===== Available data

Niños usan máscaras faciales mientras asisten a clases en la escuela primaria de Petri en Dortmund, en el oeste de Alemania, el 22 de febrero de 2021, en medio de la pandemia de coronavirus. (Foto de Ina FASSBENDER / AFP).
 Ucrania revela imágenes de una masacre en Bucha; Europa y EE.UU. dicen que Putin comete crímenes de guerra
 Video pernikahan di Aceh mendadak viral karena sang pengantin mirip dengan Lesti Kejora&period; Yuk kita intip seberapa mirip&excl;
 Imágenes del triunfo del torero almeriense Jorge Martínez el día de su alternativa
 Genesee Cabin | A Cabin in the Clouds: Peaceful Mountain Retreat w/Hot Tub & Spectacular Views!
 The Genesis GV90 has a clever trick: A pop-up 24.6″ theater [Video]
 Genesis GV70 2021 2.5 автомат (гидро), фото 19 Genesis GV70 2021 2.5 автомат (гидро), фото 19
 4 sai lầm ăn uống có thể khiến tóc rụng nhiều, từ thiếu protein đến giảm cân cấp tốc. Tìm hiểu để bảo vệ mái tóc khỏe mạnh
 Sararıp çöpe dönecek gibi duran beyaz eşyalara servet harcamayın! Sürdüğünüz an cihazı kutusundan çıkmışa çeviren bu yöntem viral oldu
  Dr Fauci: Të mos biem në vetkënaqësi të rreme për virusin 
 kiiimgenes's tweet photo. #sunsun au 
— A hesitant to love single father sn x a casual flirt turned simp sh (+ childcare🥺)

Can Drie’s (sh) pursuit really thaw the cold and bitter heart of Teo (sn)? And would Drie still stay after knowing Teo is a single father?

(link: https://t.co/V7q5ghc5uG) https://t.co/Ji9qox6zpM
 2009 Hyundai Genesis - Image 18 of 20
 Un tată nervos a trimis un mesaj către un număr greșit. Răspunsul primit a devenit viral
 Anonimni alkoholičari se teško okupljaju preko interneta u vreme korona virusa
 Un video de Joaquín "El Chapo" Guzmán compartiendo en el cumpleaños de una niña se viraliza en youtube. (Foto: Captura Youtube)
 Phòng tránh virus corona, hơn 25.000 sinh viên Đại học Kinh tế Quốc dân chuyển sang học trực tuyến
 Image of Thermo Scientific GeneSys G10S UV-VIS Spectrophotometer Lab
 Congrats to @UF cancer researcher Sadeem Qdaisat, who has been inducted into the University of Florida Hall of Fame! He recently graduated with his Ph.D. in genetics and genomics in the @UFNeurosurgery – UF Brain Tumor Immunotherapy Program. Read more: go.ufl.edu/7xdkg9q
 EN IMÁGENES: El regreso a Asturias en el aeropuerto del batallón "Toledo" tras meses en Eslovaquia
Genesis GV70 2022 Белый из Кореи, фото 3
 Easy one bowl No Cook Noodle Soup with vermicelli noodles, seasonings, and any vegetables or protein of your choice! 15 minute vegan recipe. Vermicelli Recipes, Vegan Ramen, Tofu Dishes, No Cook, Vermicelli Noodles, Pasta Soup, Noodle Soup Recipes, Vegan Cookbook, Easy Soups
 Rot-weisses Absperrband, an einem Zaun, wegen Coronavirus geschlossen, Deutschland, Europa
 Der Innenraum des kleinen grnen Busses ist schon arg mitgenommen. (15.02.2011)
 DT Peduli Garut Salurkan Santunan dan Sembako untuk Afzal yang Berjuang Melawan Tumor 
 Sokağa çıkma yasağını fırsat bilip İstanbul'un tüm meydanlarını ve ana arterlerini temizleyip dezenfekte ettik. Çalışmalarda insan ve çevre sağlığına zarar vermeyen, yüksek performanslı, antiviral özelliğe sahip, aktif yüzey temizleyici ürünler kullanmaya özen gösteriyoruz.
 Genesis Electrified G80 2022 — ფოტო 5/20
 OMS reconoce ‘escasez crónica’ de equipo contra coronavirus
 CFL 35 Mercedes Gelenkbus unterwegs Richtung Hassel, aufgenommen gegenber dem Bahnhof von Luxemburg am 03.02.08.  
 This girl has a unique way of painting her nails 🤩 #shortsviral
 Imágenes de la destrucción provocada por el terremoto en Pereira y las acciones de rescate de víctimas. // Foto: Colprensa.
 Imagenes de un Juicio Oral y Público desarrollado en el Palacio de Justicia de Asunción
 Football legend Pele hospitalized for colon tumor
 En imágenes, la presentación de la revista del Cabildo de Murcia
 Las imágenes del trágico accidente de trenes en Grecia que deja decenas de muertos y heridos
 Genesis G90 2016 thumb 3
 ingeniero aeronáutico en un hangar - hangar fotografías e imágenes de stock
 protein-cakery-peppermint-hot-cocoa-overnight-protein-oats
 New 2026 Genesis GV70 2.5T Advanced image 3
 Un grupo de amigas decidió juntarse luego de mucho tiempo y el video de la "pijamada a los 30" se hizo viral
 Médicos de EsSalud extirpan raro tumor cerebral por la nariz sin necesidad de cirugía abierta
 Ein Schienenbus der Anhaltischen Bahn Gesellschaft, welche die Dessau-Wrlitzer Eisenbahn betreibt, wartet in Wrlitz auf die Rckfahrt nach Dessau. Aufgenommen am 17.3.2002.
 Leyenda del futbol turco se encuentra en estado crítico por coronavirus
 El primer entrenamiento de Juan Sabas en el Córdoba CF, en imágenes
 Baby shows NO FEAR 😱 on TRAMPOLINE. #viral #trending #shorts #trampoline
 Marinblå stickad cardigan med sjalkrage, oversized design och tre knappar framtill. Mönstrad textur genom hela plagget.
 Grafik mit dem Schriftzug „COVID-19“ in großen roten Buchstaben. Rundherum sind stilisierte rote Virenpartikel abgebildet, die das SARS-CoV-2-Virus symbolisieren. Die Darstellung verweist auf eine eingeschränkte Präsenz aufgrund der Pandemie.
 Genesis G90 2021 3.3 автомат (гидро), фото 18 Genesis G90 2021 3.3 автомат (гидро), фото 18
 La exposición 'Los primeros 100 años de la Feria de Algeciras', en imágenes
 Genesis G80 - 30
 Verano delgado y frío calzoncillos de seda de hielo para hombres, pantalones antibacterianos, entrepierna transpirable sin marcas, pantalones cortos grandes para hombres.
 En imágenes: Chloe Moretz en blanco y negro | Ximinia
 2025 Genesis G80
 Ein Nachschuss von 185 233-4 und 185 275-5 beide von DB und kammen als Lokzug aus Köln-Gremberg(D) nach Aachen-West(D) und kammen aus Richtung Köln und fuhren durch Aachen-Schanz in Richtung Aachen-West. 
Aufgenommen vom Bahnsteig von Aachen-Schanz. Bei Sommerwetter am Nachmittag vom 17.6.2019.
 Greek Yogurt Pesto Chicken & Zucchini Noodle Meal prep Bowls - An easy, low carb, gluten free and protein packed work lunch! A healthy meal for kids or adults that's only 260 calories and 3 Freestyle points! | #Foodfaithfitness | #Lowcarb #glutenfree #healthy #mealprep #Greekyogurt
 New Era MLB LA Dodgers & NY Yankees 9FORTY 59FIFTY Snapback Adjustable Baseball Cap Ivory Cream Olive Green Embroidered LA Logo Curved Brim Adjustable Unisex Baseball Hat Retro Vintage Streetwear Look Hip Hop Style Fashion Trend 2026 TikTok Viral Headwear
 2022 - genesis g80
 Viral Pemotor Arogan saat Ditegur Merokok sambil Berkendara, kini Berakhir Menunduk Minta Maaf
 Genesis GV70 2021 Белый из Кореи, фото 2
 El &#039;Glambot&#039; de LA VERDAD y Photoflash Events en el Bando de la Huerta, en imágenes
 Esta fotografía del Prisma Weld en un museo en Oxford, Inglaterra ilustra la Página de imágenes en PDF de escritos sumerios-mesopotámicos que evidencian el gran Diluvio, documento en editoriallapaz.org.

==========

From the entries above, print the lines beginning at the one with "4 sai lầm ăn" and stopping after the one with "Image of Thermo", exactly as written and with nothing else.

** Answer to this task **
 4 sai lầm ăn uống có thể khiến tóc rụng nhiều, từ thiếu protein đến giảm cân cấp tốc. Tìm hiểu để bảo vệ mái tóc khỏe mạnh
 Sararıp çöpe dönecek gibi duran beyaz eşyalara servet harcamayın! Sürdüğünüz an cihazı kutusundan çıkmışa çeviren bu yöntem viral oldu
  Dr Fauci: Të mos biem në vetkënaqësi të rreme për virusin 
 kiiimgenes's tweet photo. #sunsun au 
— A hesitant to love single father sn x a casual flirt turned simp sh (+ childcare🥺)

Can Drie’s (sh) pursuit really thaw the cold and bitter heart of Teo (sn)? And would Drie still stay after knowing Teo is a single father?

(link: https://t.co/V7q5ghc5uG) https://t.co/Ji9qox6zpM
 2009 Hyundai Genesis - Image 18 of 20
 Un tată nervos a trimis un mesaj către un număr greșit. Răspunsul primit a devenit viral
 Anonimni alkoholičari se teško okupljaju preko interneta u vreme korona virusa
 Un video de Joaquín "El Chapo" Guzmán compartiendo en el cumpleaños de una niña se viraliza en youtube. (Foto: Captura Youtube)
 Phòng tránh virus corona, hơn 25.000 sinh viên Đại học Kinh tế Quốc dân chuyển sang học trực tuyến
 Image of Thermo Scientific GeneSys G10S UV-VIS Spectrophotometer Lab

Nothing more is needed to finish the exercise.